When using a persistent Curl handle (the handle is not opened and closed on every https request) with TLS, the Curl handle can enter a state where the Sphere OS will open a TCP connection with the remote server and then the Sphere OS will immediately reset the TCP connection without sending any data. Once in this failure mode this sequence repeats every time a https request is made using the Curl handle. When verbose curl output is enabled the following error is reported on each request attempt:
- SSL: SSL_set_session failed: unknown error number
When the Curl handle first enters this failure mode the Sphere OS sends a TLS Rec Layer-1 Encrypted Alert to the server and the server responds with an Encrypted Alert.
If the Curl handle is closed and reopened the https request works immediately and correctly until the next event triggers the failure mode.
Based on observation it seems that this failure mode tends to occur when background scanning takes place, probably because there is a reasonable probability of packet loss. See:
https://learn.microsoft.com/en-us/answers/questions/234972/azure-sphere-os-80211-null-data-frames-and-wifi-ba.html?childToView=236318#comment-236318
- The TLS connection has a problem, perhaps due to a missed frame while the Sphere OS is background scanning, and sends one TLS Encrypted Alert to the server.
- After the TLS Encrypted Alert is sent any https requests on the curl handle will open a TCP connection with the server and then the Sphere OS immediately resets the TCP connection without sending any data to the server.

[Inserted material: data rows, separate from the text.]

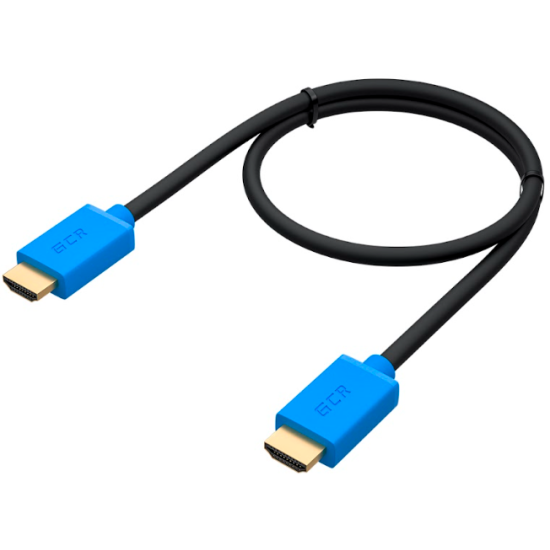 Кабель GCR HDMI 0.3m, -HM431-0.3m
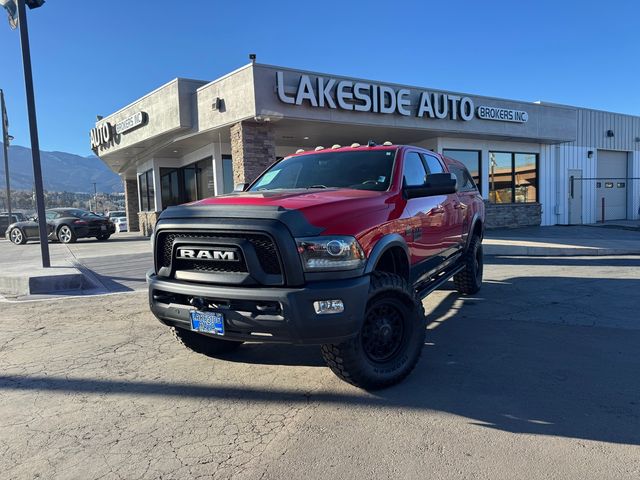 2017 Ram 2500 Power Wagon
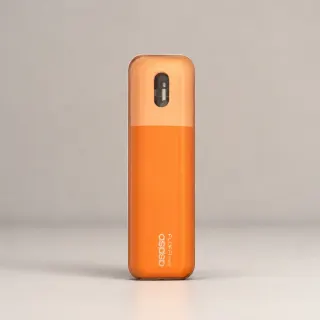 Pod Fluffi Mini - Aspire Orange
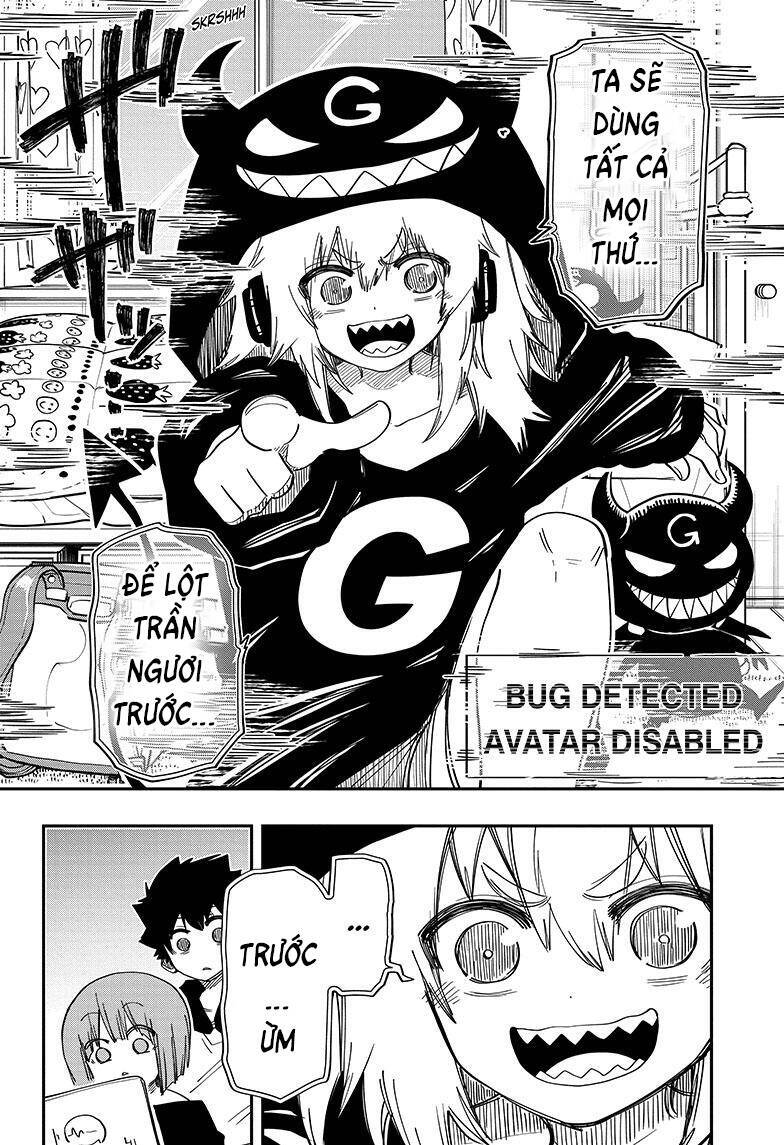 Gia Tộc Điệp Viên Yozakura Chap 144 - Next Chap 145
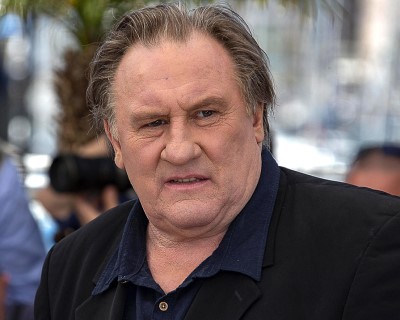 Gérard Depardieu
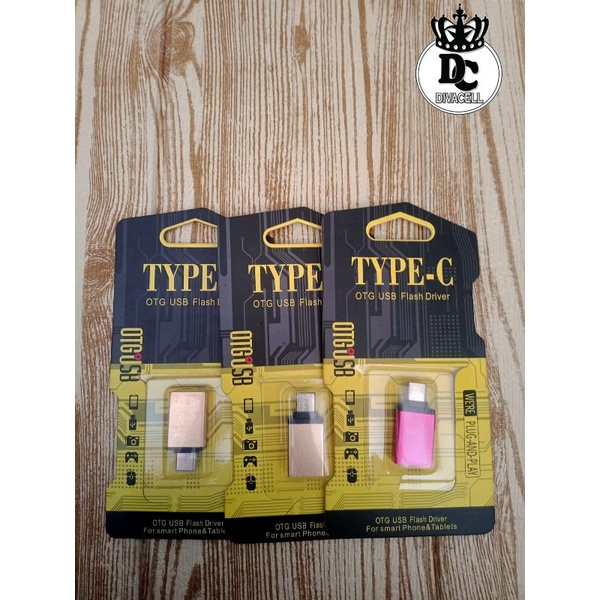 OTG Type C non kabel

The opening of the TCP connection and subsequent reset occurs on every subsequent request.
- Closing and reopening the Curl handle allows the connection to the server to be made immediately and correctly until the failure mode occurs again.
I have monitored Application memory usage and there are no memory leaks occurring in the Application code.
The failure mode is generally reproducible every 1000-200000 https requests.
There seems likely a bug in the Curl/WolfSSL integration that causes this persistent failure mode.
Although closing and reopening the Curl handle appears to be a workaround I am concerned that there may be other resource leaks in the Sphere OS layer that would eventually cause the workaround to fail to recover successfully.
I believe that packet loss triggers this problem, so it would probably occur in challenging RF environment even without packet loss caused by background scanning.